We all love to relax and chat with friends. Who doesn’t love a cold brew ? Drinking beer with people is an important social ritual that is often linked to many memories (or the absence of them), especially of our younger days. EPFL is a highly international institution with people from all around the world. They leave their home countries behind to join EPFL but what if we could bring them back a bit of it ? We decided to match beers from SAT, our beloved bar, to the countries where they would be the most appreciated. Our objective is to recommend them to people missing home and hope it might cure a bit of this homesickness ! It is also a tool to ask SAT to buy new beers, since it would be sad to leave people without a beer similar to the one from their country, don’t you think ?

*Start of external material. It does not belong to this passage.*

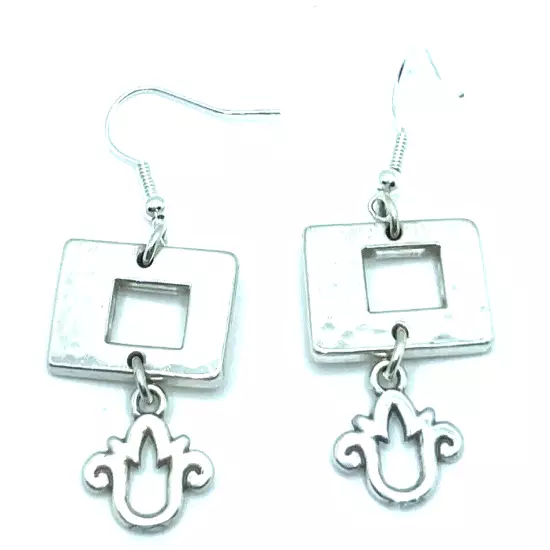 Brighton PIAZZA Hammered Squares/Rectangles Tulip Flowers Silver Custom Earrings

A quick sip through our data
|Dataset||Beers 🍺||Brew styles 🍶||Beer lovers 👥||Beer cost 💸|
|RateBeer||396690 beers from 265 locations*||93 beer styles||70120 beer lovers from 222 locations*||No data|
|BeerAdvocate||247982 beers from 264 locations*||104 beer styles||153704 beer lovers from 194 locations*||No data|
|Satellite Bar||66 beers from 8 countries||21 beer styles||No data||Beer prices from 3.- to 16.- CHF|
*Location can be either countries or regions of countries with many active users (e.g. Individual states of the United States or regions of the United Kingdom)
Our assumptions and decisions when processing these datasets were:
- Users without a defined country in the dataset were considered to have “Unknown” location. Their data is not considered in the beer preference world map we show, but they are considered in the SAT t-SNE clustering plots.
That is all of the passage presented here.